Further, the researchers used self-supervised fine-tuning to get the system to mimic the best reasoning patterns by fine-tuning the model on past forecasting examples where it outperformed human forecasters. Test results showed that the AI system was particularly effective at questions with high human uncertainty early in the prediction process and when it has access to relevant articles on the subject. Its performance scored higher earlier in the information gathering process.
The AI system is heralded as the first automated forecasting system that performs almost as well as the collective human crowd. It ran into a slight problem when it had too many articles to analyze, possibly because it ‘hedges’ its predictions due to its safety training. Nevertheless, the researchers believe that this form of AI-based prediction could be of great use to policymakers, businesses, and health officials. Making accurate predictions based on language-driven AI forecasting could aid in anticipating and avoiding potential future risks.

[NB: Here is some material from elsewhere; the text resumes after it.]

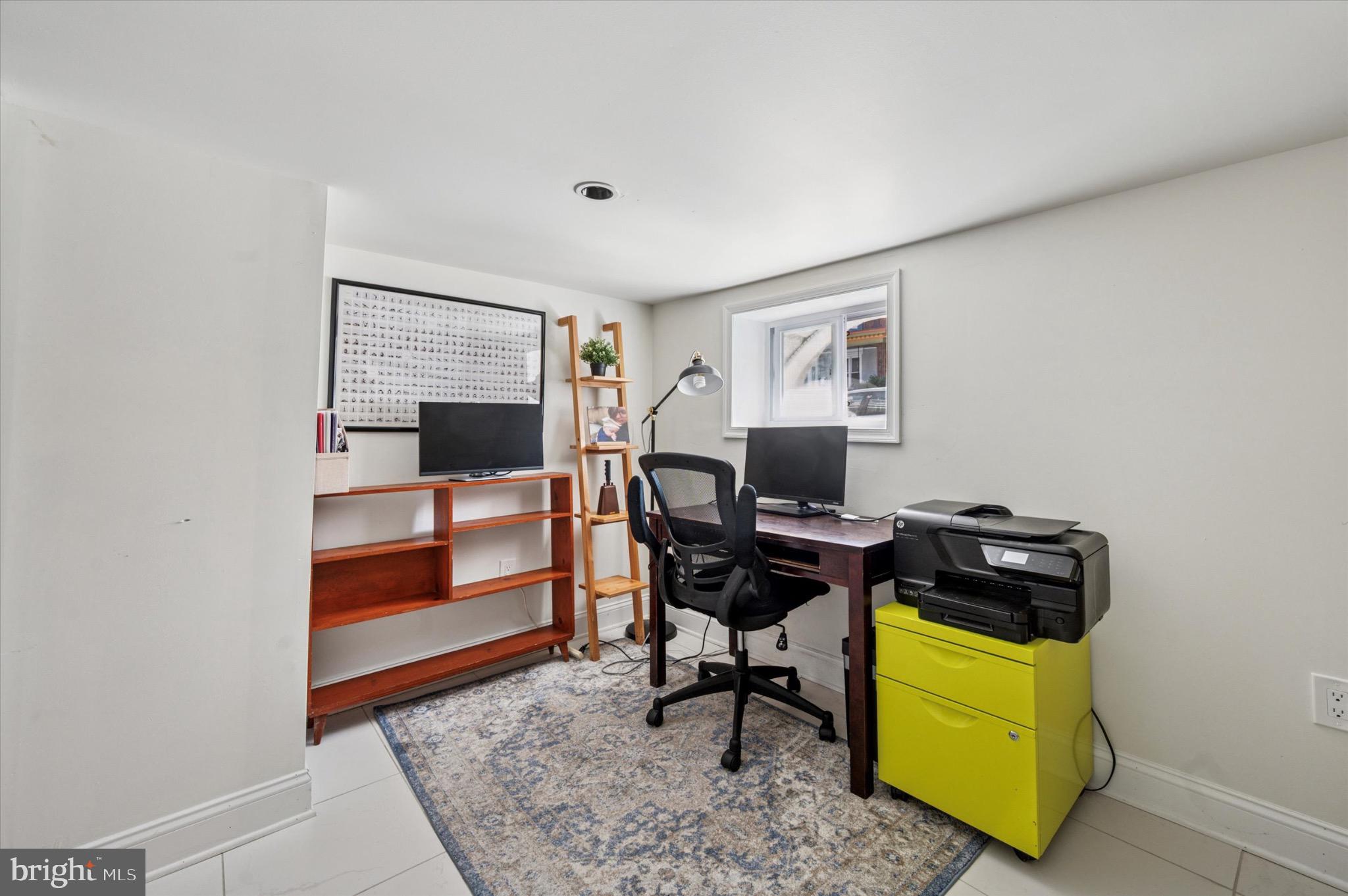 1131 Divinity Street Philadelphia, PA 19143 - Photo 31 of 38 Front room of basement with ample natural light.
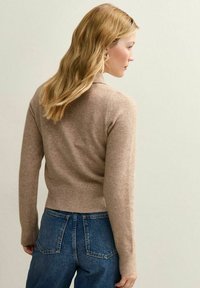 Maglione beige a maglia con orlo e polsini a coste, caratterizzato da un colletto classico e un design aderente. Abbinato a jeans blu a vita alta.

While the development of AI for predictive tasks raises ethical questions about transparency, bias, and ethical grounding, AI is already being employed for predictive tasks like policing and welfare decision-making in several democratic countries.
The Berkeley research delineates the potential for AI in making effective forecasts, but it is not clear how the system precisely arrives at its decisions. Therefore, while the application of AI in predicting major societal and individual events might seem somewhat dystopian, it is arguably already a common practice in various parts of the globe.